**Entries supplied**
------

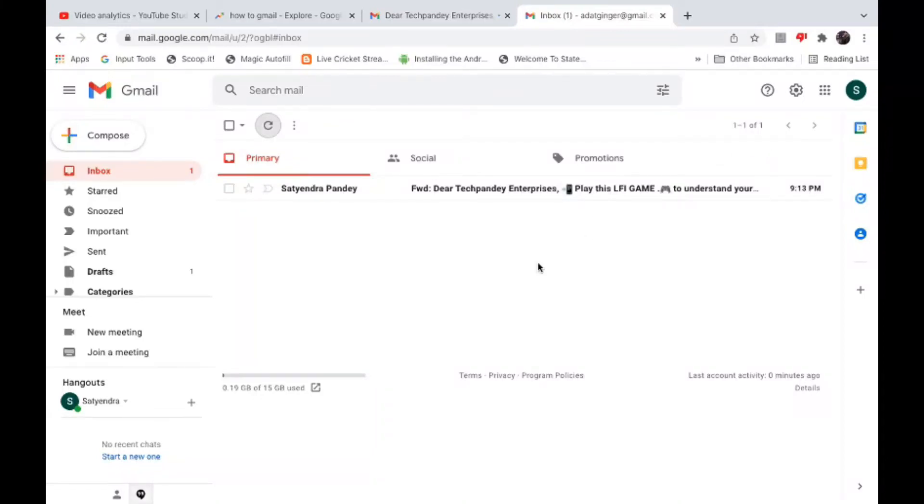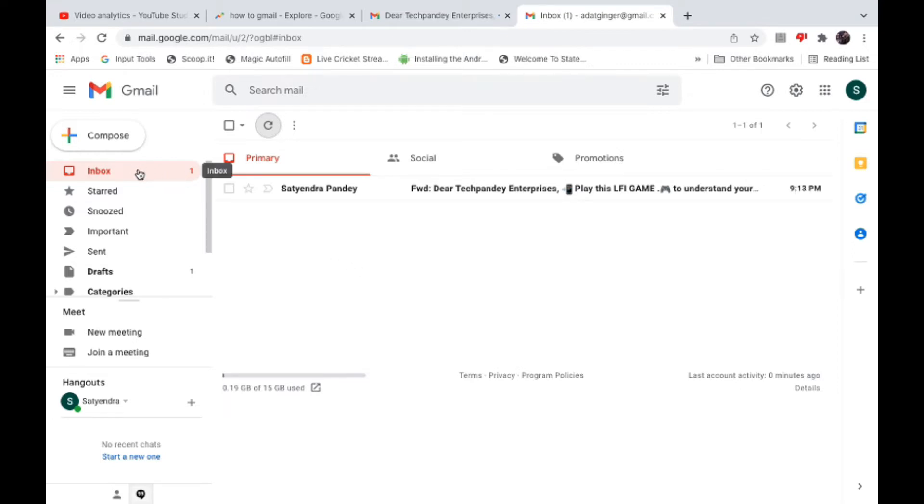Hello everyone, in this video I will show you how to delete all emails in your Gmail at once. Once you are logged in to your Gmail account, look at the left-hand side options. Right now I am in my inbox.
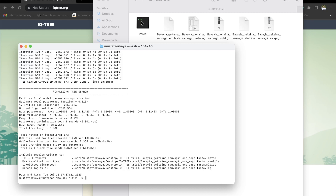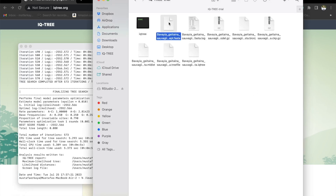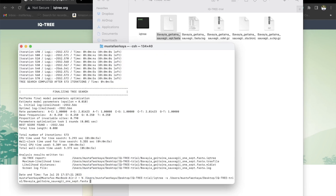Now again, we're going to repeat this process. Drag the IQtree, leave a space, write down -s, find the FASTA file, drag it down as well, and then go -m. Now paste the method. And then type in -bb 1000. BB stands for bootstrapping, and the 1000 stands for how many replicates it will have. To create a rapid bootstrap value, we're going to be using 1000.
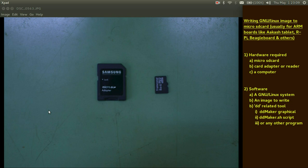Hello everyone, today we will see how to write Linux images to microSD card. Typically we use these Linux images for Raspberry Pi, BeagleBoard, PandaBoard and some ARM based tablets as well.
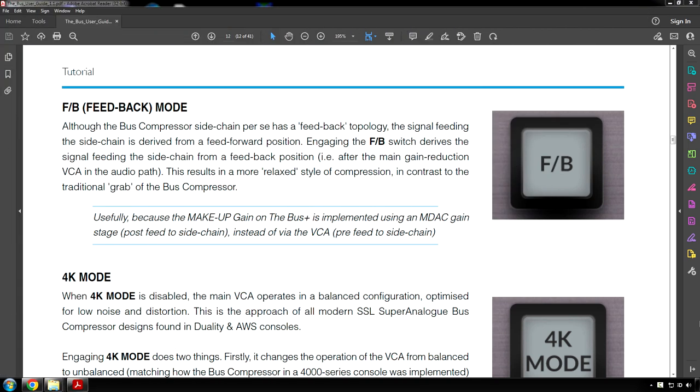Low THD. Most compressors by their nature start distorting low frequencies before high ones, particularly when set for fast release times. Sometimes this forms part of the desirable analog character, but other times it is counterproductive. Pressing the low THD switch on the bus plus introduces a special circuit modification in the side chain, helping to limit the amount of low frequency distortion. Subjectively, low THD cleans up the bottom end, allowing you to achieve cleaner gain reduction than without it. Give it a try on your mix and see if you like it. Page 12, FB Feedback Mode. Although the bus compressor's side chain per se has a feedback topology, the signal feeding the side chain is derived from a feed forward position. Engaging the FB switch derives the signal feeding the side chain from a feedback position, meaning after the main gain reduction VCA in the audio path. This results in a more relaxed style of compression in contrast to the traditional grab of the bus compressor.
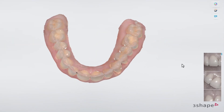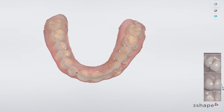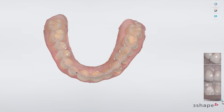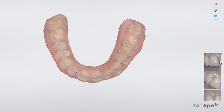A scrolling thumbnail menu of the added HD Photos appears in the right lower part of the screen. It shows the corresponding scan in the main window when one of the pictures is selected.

------

**Your objective**
Omit the pictures, and quote the material above exactly as given.

**Problem solution**
Hello everyone, in this video I will show you how to delete all emails in your Gmail at once. Once you are logged in to your Gmail account, look at the left-hand side options. Right now I am in my inbox.
Now again, we're going to repeat this process. Drag the IQtree, leave a space, write down -s, find the FASTA file, drag it down as well, and then go -m. Now paste the method. And then type in -bb 1000. BB stands for bootstrapping, and the 1000 stands for how many replicates it will have. To create a rapid bootstrap value, we're going to be using 1000.
Hello everyone, today we will see how to write Linux images to microSD card. Typically we use these Linux images for Raspberry Pi, BeagleBoard, PandaBoard and some ARM based tablets as well.
Low THD. Most compressors by their nature start distorting low frequencies before high ones, particularly when set for fast release times. Sometimes this forms part of the desirable analog character, but other times it is counterproductive. Pressing the low THD switch on the bus plus introduces a special circuit modification in the side chain, helping to limit the amount of low frequency distortion. Subjectively, low THD cleans up the bottom end, allowing you to achieve cleaner gain reduction than without it. Give it a try on your mix and see if you like it. Page 12, FB Feedback Mode. Although the bus compressor's side chain per se has a feedback topology, the signal feeding the side chain is derived from a feed forward position. Engaging the FB switch derives the signal feeding the side chain from a feedback position, meaning after the main gain reduction VCA in the audio path. This results in a more relaxed style of compression in contrast to the traditional grab of the bus compressor.
A scrolling thumbnail menu of the added HD Photos appears in the right lower part of the screen. It shows the corresponding scan in the main window when one of the pictures is selected.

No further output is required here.